■ **SOURCE MATERIAL**
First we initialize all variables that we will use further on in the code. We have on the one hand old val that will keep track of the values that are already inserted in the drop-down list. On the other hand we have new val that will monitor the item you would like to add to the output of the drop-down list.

---

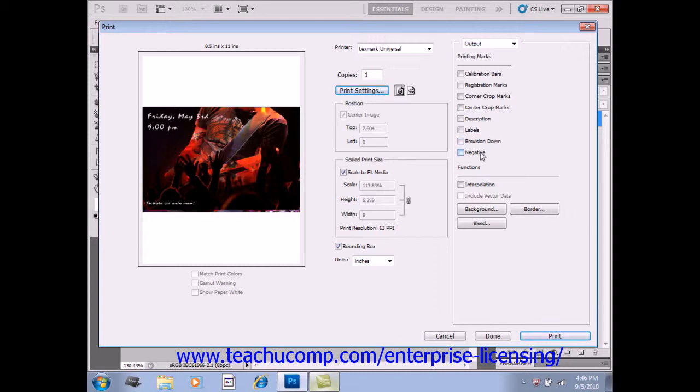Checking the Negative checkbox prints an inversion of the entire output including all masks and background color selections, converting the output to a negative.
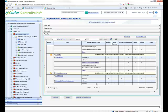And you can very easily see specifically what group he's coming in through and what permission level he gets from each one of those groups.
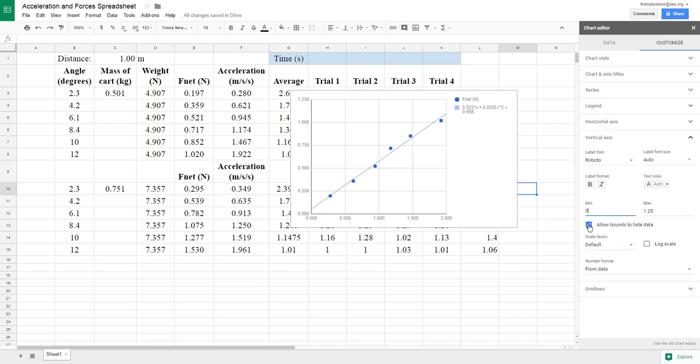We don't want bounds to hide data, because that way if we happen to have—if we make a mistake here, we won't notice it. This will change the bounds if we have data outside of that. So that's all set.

■ **EXERCISE PROMPT**
In the records above, find the line with "Checking the Negative" and the line with "We don't want"; please transcribe exactly those two lines and all lines between them, omitting any picture.

■ **OUTPUT**
Checking the Negative checkbox prints an inversion of the entire output including all masks and background color selections, converting the output to a negative.
And you can very easily see specifically what group he's coming in through and what permission level he gets from each one of those groups.
We don't want bounds to hide data, because that way if we happen to have—if we make a mistake here, we won't notice it. This will change the bounds if we have data outside of that. So that's all set.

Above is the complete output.